Wednesday, November 9, 2011

A Clear and Present Danger (not Harrison Ford)


From today's lecture, here's a closer look at the case Schenck v. United States from all the way back in 1919.

This case involved Charles Schenck, who was the Secretary of the Socialist Party of America in 1917. Schenck was responsible for printing, distributing, and mailing leaflets that stated his party’s opposition to the draft during World War I. The leaflets were opposed to the draft and urged readers to “do not submit to intimidation” and compared the draft to an act of involuntary servitude. Schenck was subsequently indicted and convicted of violating the Espionage Act of 1917.

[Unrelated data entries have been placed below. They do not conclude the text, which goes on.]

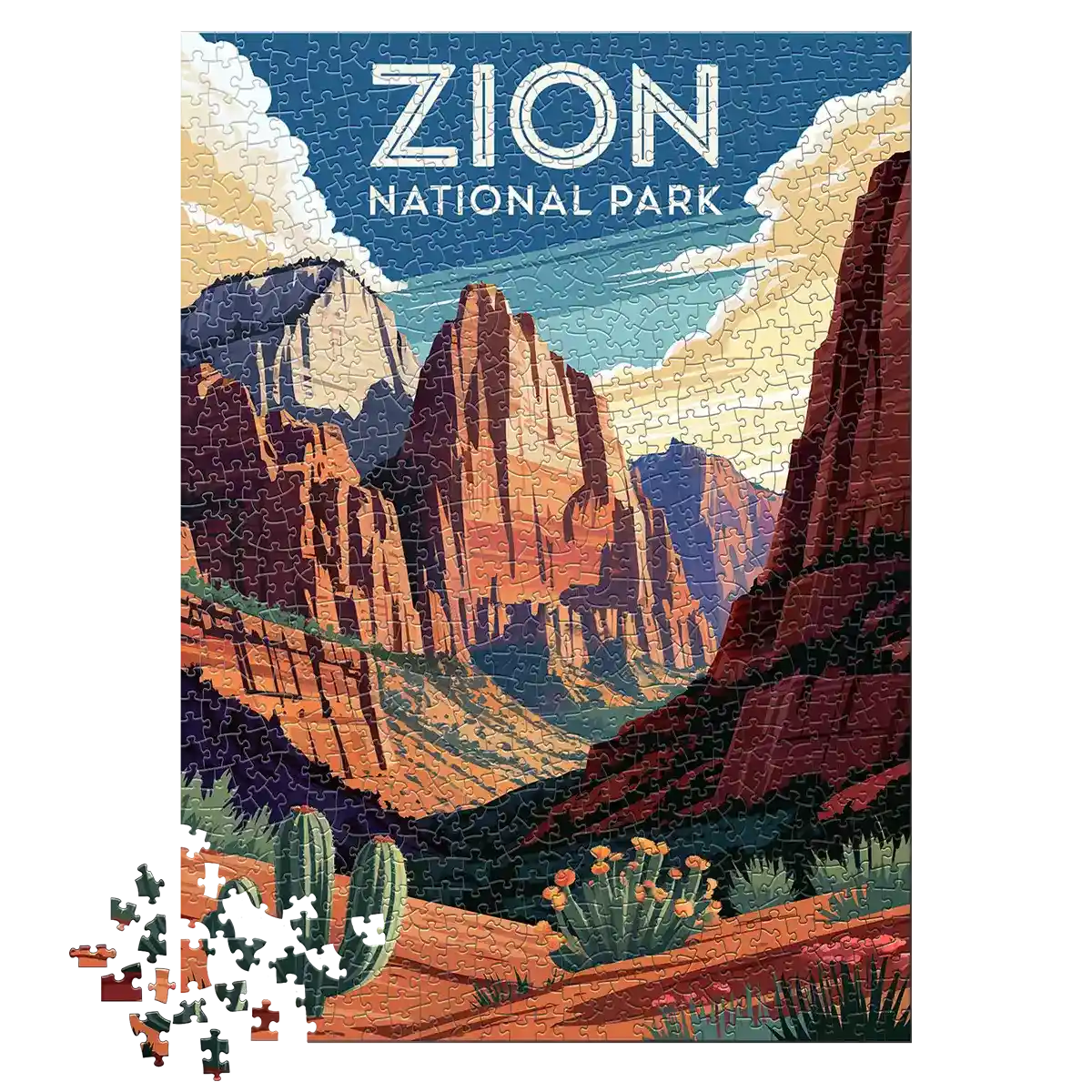 Zion National Park Radiance 1000 piece puzzle by MakeYourPuzzles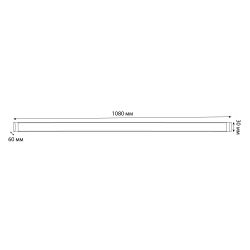 ULO-AL120-36W-6500K WHITE Светильник светодиодный накладной. Дневной свет 6500K. Корпус белый. ТМ Uniel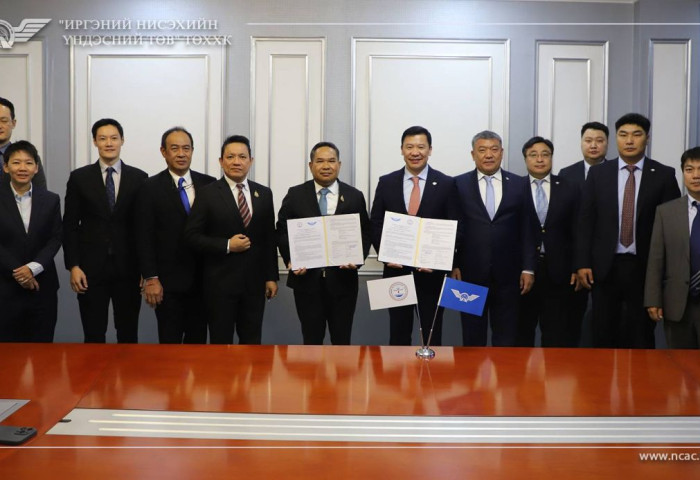 “Иргэний нисэхийн үндэсний төв” ТӨХХК  “Аэронотикал радио тайланд“ ХХК хооронд хамтын ажиллагааны санамж бичиг байгууллаа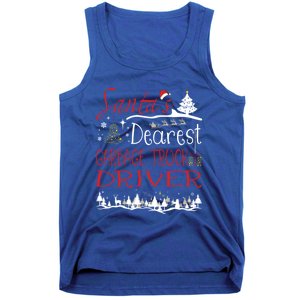 Garbage Truck Driver Xmas Job Cute Christmas Meaningful Gift Tank Top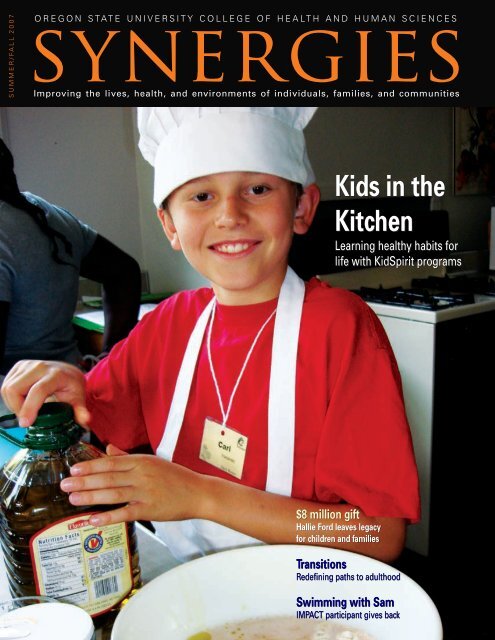 Kids in the Kitchen Kids in the Kitchen - College of Public Health and ...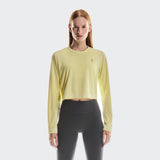 On Active Long-T Crop Graphic White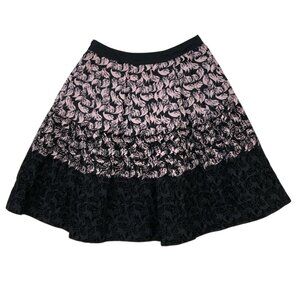 Red Valentino Skirt 38 US 4 Pink Black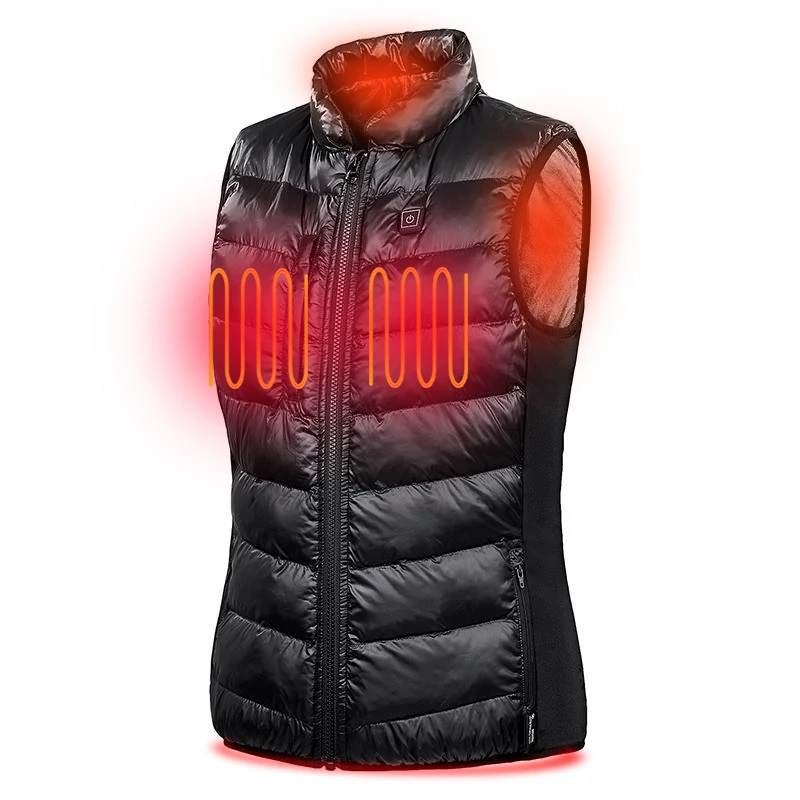 Autumn Winter Cotton Smart Heating Vest USB Infrared Electric Heated Vest Women Outdoor Flexible Thermal Warm Vest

This decision was soon after met with an appeal by Schenck. He took his case to the Supreme Court, claiming that his First Amendment rights had been violated. The Supreme Court eventually ruled against Schenck (who would go on to spend 6 months in jail), stating that his conviction was constitutional due to the First Amendment not giving protection to speech that encouraged insubordination.

Justice Oliver Wendell Holmes, the majority opinion in this case, set forward the “clear and present danger” test.  He wrote, “The most stringent protection of free speech would not protect a man in falsely shouting fire in a theater and causing a panic.” According to Holmes, words that “are of such a nature to create a clear and present danger that they will bring about the substantive evils that Congress has a right to prevent.”